5. El desenlace de esta parábola indica que la participación definitiva en el banquete nupcial está supeditada a ciertas condiciones esenciales. No basta haber entrado en la Iglesia para estar seguro de la salvación eterna: «Amigo, ¿cómo has entrado aquí sin traje de bodas?» (Mt 22,12), pregunta el rey a uno de los invitados. La parábola, que en este punto parece pasar del problema del rechazo histórico de la elección por parte del pueblo de Israel al comportamiento individual de todo aquel que es llamado, y al juicio que se pronunciará sobre él, no especifica el significado de ese «traje» Pero se puede decir que la explicación se encuentra en el conjunto de la enseñanza de Cristo. El Evangelio, en particular el sermón de la montaña, habla del mandamiento del amor, que es el principio de la vida divina y de la perfección según el modelo del Padre: «Sed perfectos como es perfecto vuestro Padre celestial» (Mt 5,48). Se trata del «mandamiento nuevo» que, como enseña Cristo, consiste en esto: «Que como yo os he amado, así os améis también vosotros los unos a los otros» (Jn 13,34). Por ello, parece posible colegir que el «traje de bodas», como condición para participar en el banquete, es precisamente ese amor.

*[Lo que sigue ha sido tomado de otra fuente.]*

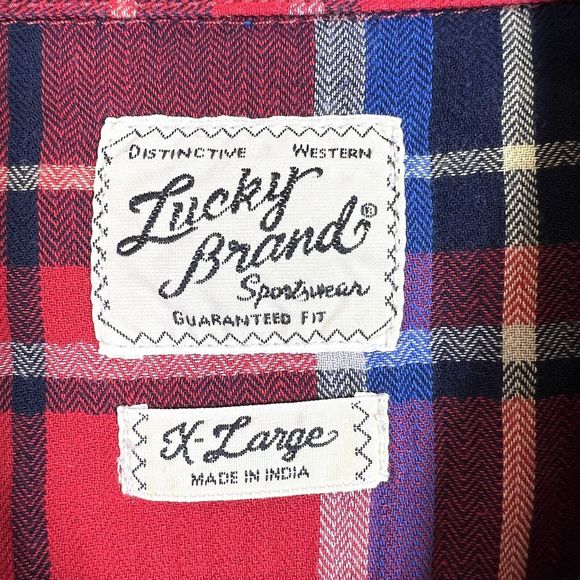 Lucky Brand Mens Medium Red Plaid Pearl Snap Button Front Western Shirt Size XL - Picture 10 of 13
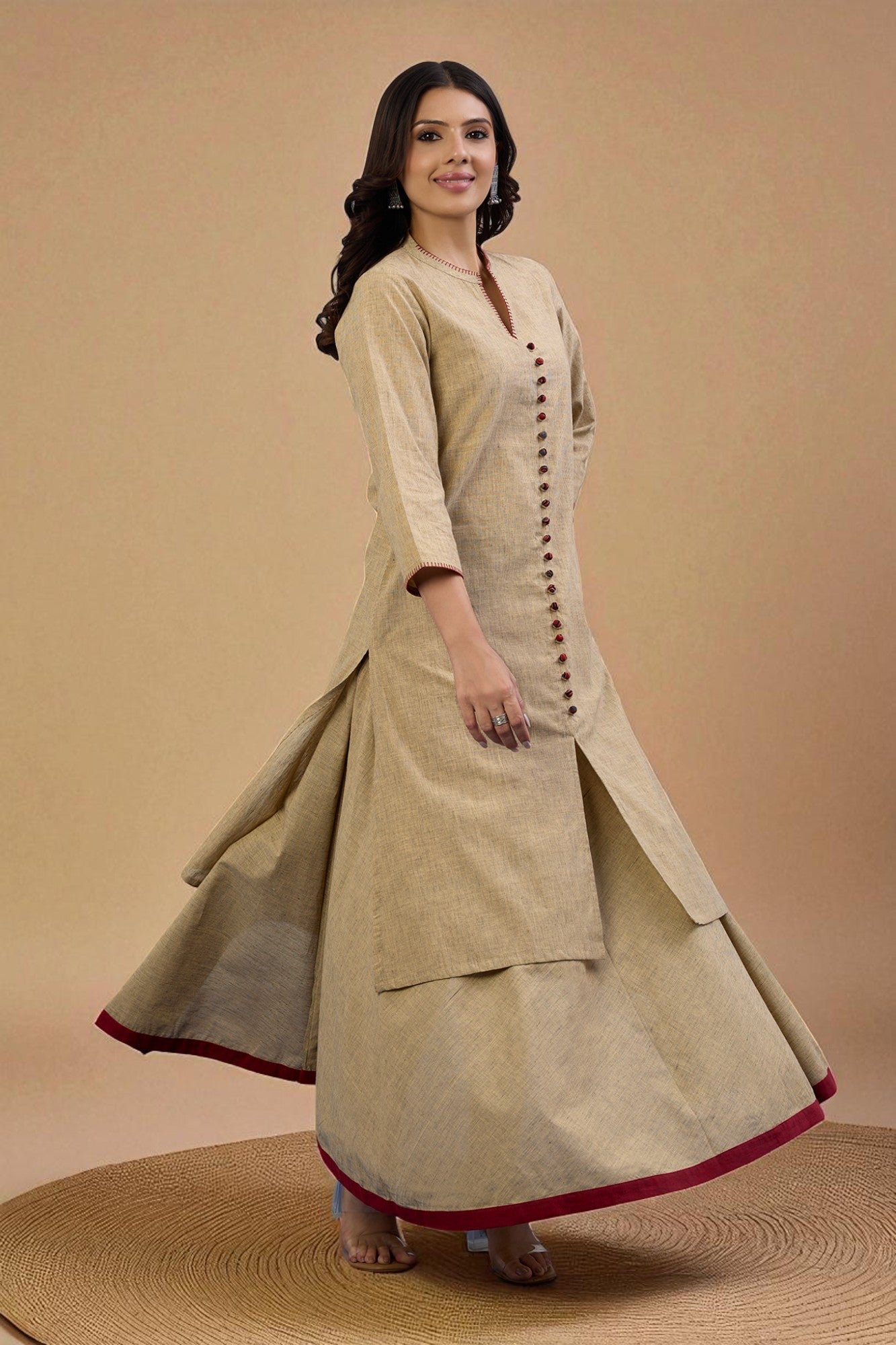 Maati Craft Gulabi Set of 2: Co-ord Set Sandstone Whisper Cotton Button Down Kurta with Flared Skirt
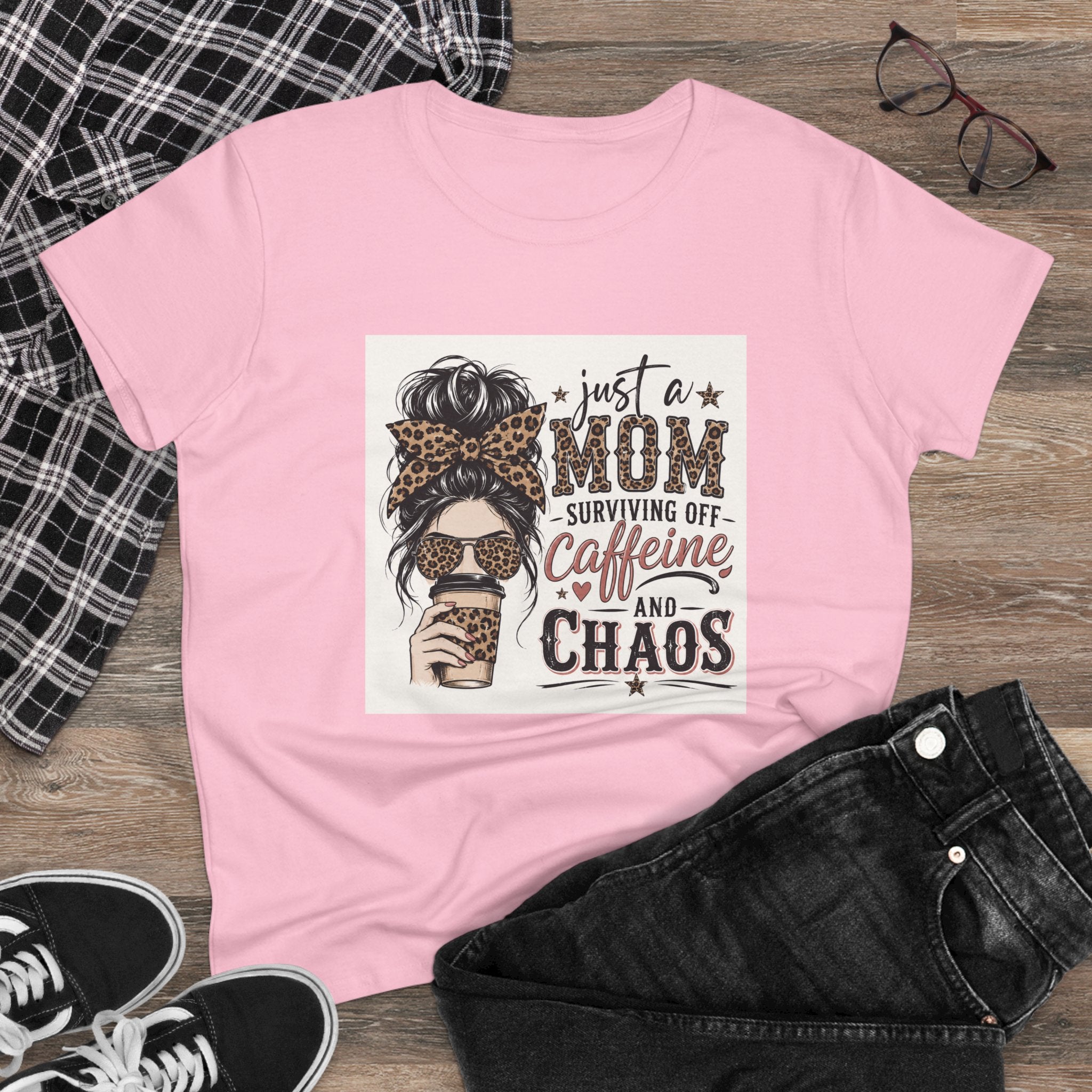 Just a Mom Surviving Off Caffeine and Chaos Tee — Women's Mom Life Cotton T‑Shirt
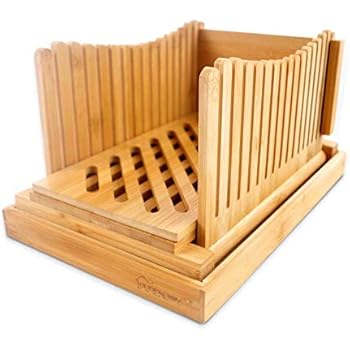 Purenjoy Bamboo Wood Foldable Bread Slicer Compact Thickness Adjustable Bread Slicing Guide with Crumb Catcher Tray for Homemade Bread, Loaf Cakes, Bagels, Foldable and Compact (12.5x8.5x1.6)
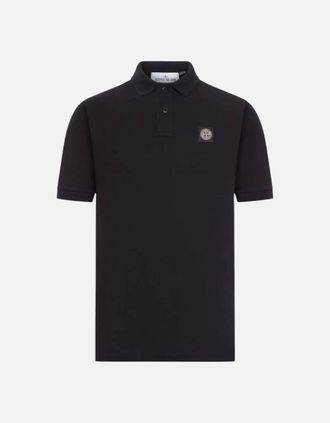 Stone Island Mens Stone Island Black Cotton Polo - Size: 40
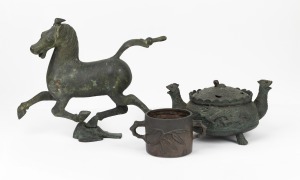 A Chinese bronze horse statue, bronze censer and two handled pot. (3 items), ​​​​​​​the horse 26cm high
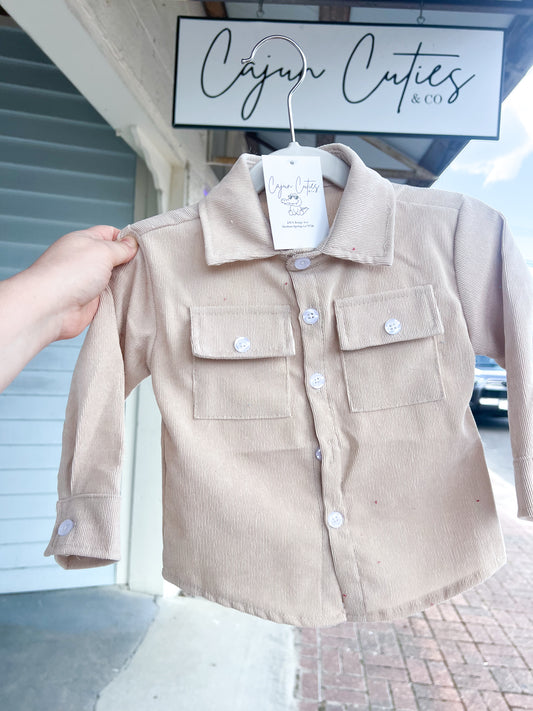 Khaki Button Down - Cajun Cuties & Co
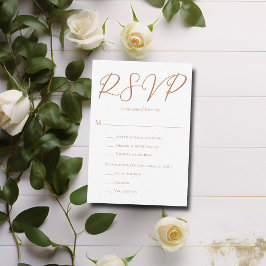 Cartão RSVP Casamento de Script Chic Sienna Brown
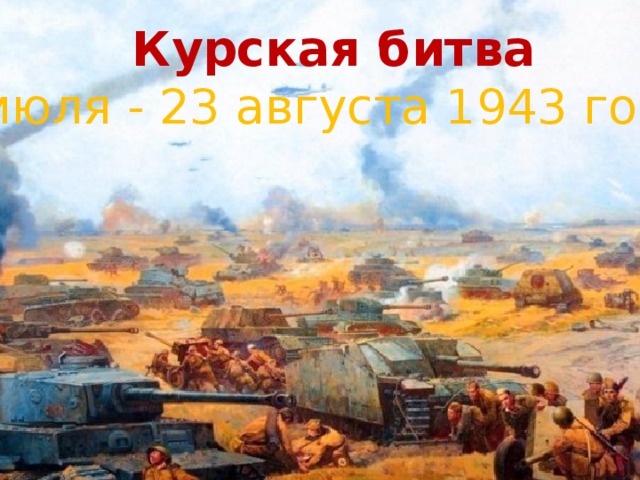 Курская битва 5 июля - 23 августа 1943 года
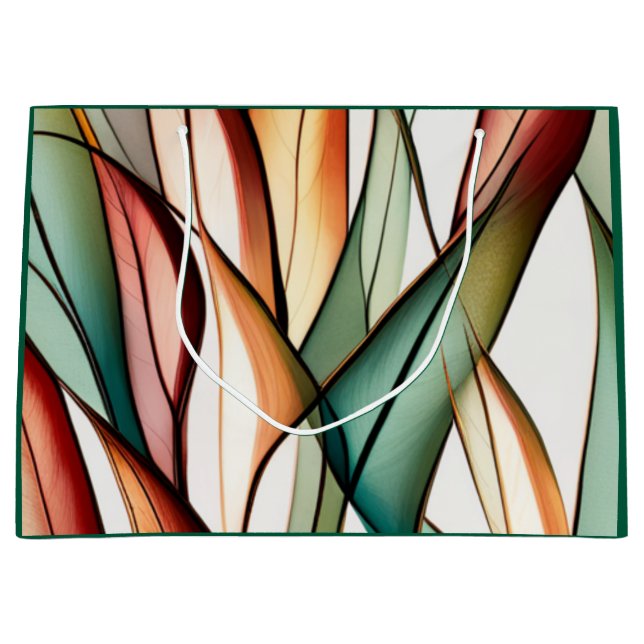 Grand Sac Cadeau Herbe aux vitraux (Devant)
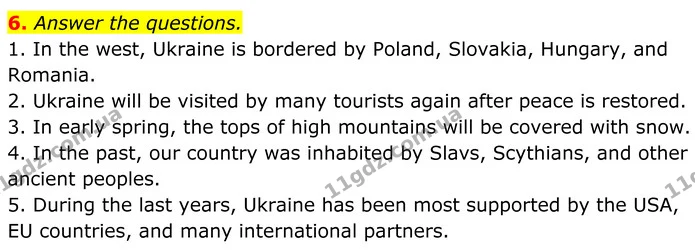 6. Answer the questions. — ГДЗ Англійська мова 8 клас Карпюк 2025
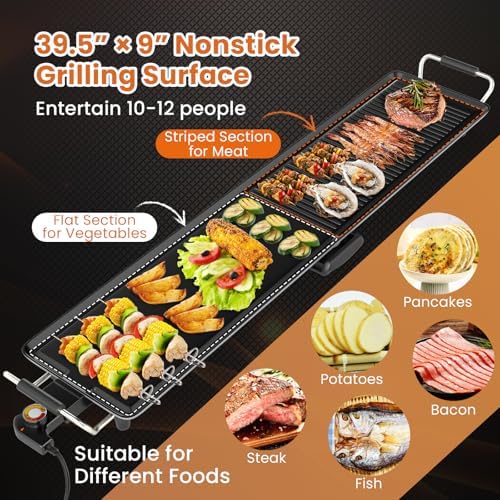 COSTWAY 39.5” Electric Griddle, Large Teppanyaki Grill, 2 Nonstick Surfaces - Image 3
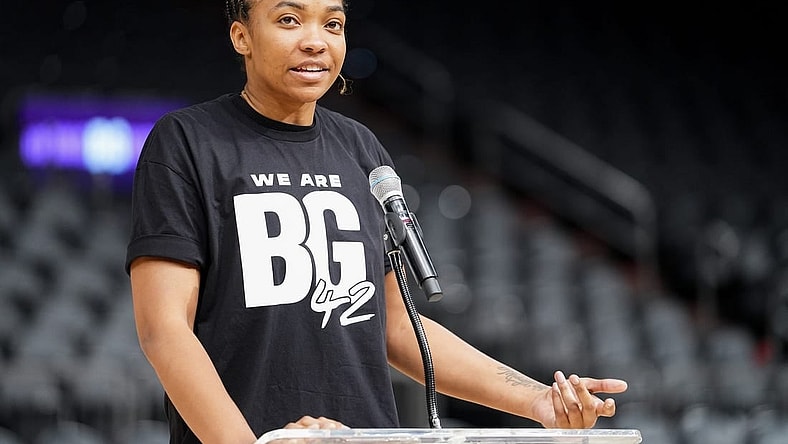 Imani McGee-Stafford speaks to attendees during a rally for Brittney Griner's release at the Footprint Center on July 6, 2022, in Phoenix.

Dsc04097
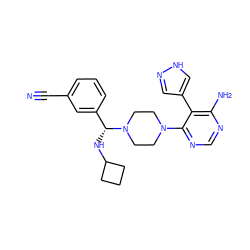 N#Cc1cccc([C@@H](NC2CCC2)N2CCN(c3ncnc(N)c3-c3cn[nH]c3)CC2)c1 ZINC001772585420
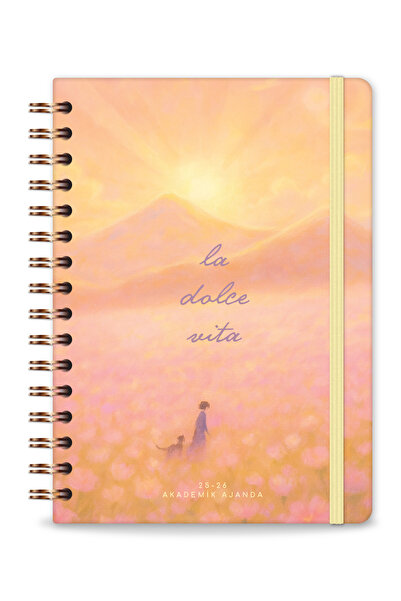 PAPERORA 2025-2026 A5 Spiralli Renkli Akademik Ajanda 16 Aylık Motivasyon Sayfalı - Manzara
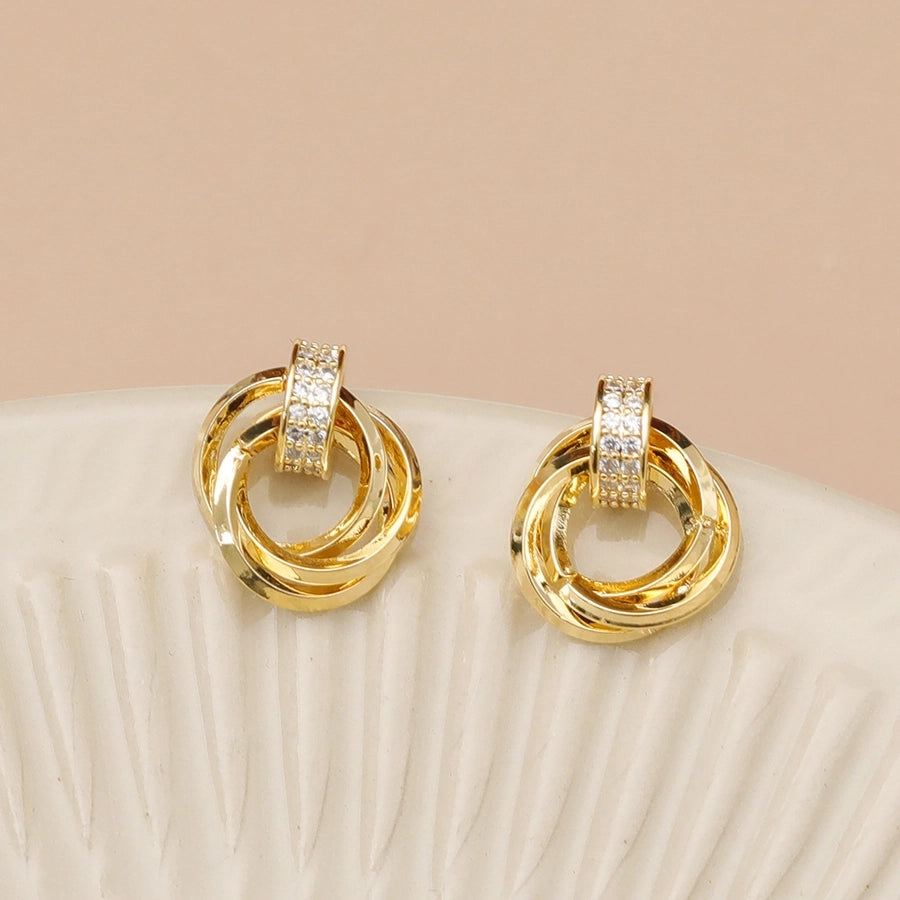 RKL™ Stunning 18K Gold Plated Geometric Zircon Ear Studs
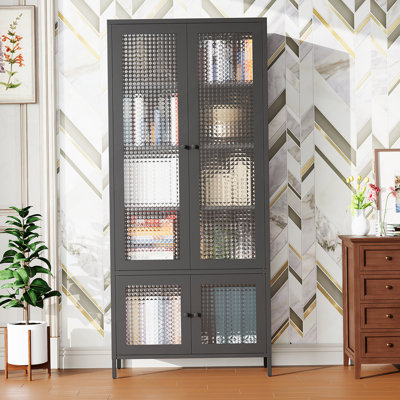 Grande armoire de rangement en métal avec 4 portes vitrées et 5 tablettes latérales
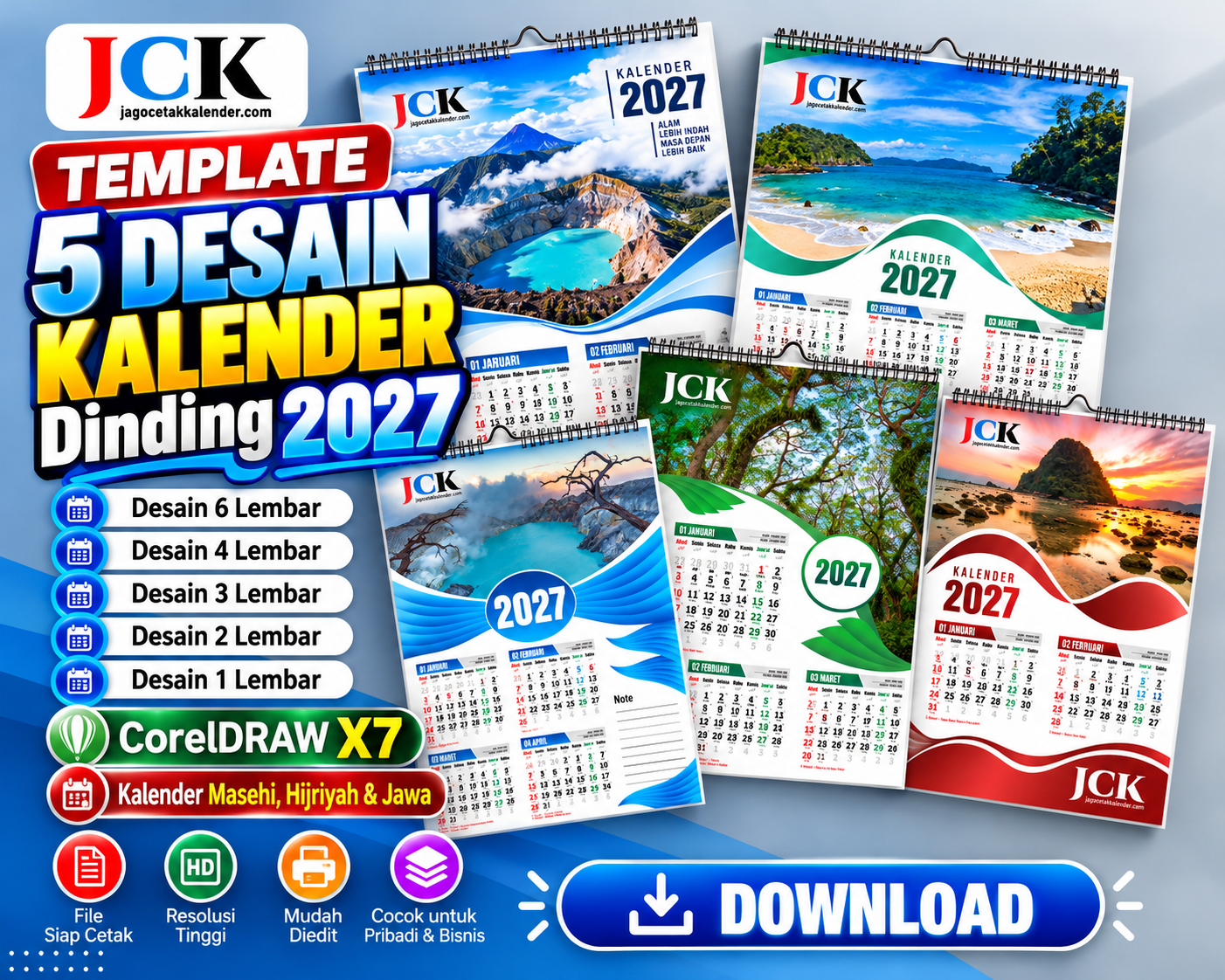 5 Desain Kalender 2027 CDR - jagocetakkalender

Esa apreciación es confirmada por otra gran parábola, de carácter escatológico: la parábola del juicio final. Sólo quienes ponen en práctica el mandamiento del amor en las obras de misericordia espiritual y corporal para con el prójimo, pueden tomar parte en el banquete del reino de Dios: «Venid, benditos de mi Padre, recibid la herencia del reino preparado para vosotros des de la creación del mundo» (Mt 25,34).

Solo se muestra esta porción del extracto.